During the Fiscal Monitor press briefing at the ongoing IMF/World Bank Annual Meetings in Washington, DC, Davide Furceri, Division Chief of the IMF’s Fiscal Affairs Department, underscored the urgency for Nigeria to adopt more robust revenue mobilisation strategies to mitigate its fiscal strain
Furceri reported that Nigeria’s debt service-to-revenue ratio is currently around 60%, which severely hampers the government’s capacity to fund vital social and economic initiatives. Although the debt service-to-GDP ratio has reduced from nearly 100% to 60%, Furceri advised that further reductions are essential, specifically by expanding the nation’s tax base.
He added that, “There is a need to grow the revenue-to-GDP ratio. For a country Like Nigeria, the Debt Service-to-Revenue is about 60 per cent. What that means is that a larger part of the revenue of the country goes into debt servicing. What we recommend for countries like Nigeria, if they can improve their revenue mobilisation, they will be able to reduce the portion of the revenue that goes into debt servicing.
It is important to broaden the tax base in order to have more revenue and especially in Nigeria to put in place a system and mechanism that is transparent and efficient to assist the government in collecting more revenue.”

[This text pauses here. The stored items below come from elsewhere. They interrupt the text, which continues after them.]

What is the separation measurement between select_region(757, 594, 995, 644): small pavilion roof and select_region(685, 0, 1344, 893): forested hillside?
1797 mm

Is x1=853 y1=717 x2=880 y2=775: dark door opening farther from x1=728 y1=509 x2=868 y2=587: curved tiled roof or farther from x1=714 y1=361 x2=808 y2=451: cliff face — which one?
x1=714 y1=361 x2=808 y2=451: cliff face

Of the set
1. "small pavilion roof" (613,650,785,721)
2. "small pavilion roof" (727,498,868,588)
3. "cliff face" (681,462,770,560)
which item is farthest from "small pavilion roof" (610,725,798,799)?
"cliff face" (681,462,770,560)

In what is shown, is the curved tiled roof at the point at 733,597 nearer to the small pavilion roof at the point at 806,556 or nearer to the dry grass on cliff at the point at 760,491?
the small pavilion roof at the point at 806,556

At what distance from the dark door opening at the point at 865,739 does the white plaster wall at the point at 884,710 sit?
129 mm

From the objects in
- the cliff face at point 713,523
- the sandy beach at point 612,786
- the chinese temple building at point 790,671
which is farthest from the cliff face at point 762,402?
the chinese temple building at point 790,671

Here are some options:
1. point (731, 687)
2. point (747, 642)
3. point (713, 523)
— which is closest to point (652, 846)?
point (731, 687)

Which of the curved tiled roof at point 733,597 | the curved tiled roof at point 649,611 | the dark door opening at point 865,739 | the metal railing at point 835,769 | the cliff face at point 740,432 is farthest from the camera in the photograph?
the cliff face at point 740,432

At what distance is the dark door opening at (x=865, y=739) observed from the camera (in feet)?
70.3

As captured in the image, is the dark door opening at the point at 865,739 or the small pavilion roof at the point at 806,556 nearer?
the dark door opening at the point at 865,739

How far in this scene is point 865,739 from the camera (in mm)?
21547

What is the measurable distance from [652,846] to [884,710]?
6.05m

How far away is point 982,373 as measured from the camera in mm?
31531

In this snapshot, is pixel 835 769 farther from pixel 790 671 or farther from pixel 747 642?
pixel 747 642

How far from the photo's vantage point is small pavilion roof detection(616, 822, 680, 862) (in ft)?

The IMF’s latest Fiscal Monitor Report also projects a downward trend in Nigeria’s debt-to-GDP ratio, which, currently at 50.7%, is expected to fall to 49.6% by 2025.
This report clarifies that Nigeria’s public debt includes overdrafts from the Central Bank of Nigeria and obligations from the Asset Management Corporation of Nigeria. “The overdrafts and government deposits at the Central Bank of Nigeria almost cancel each other out, and the Asset Management Corporation of Nigeria debt is roughly halved,” the report explains.
Further predictions show the debt-to-GDP ratio reducing to 48.5% by 2026 and 48.2% in 2027, followed by a marginal increase to 48.8% in 2028 and 49.1% in 2029. Additionally, the IMF emphasized that Nigeria’s government must not only aim for revenue growth but also implement focused social safety nets to help protect vulnerable groups from inflationary pressures and environmental challenges.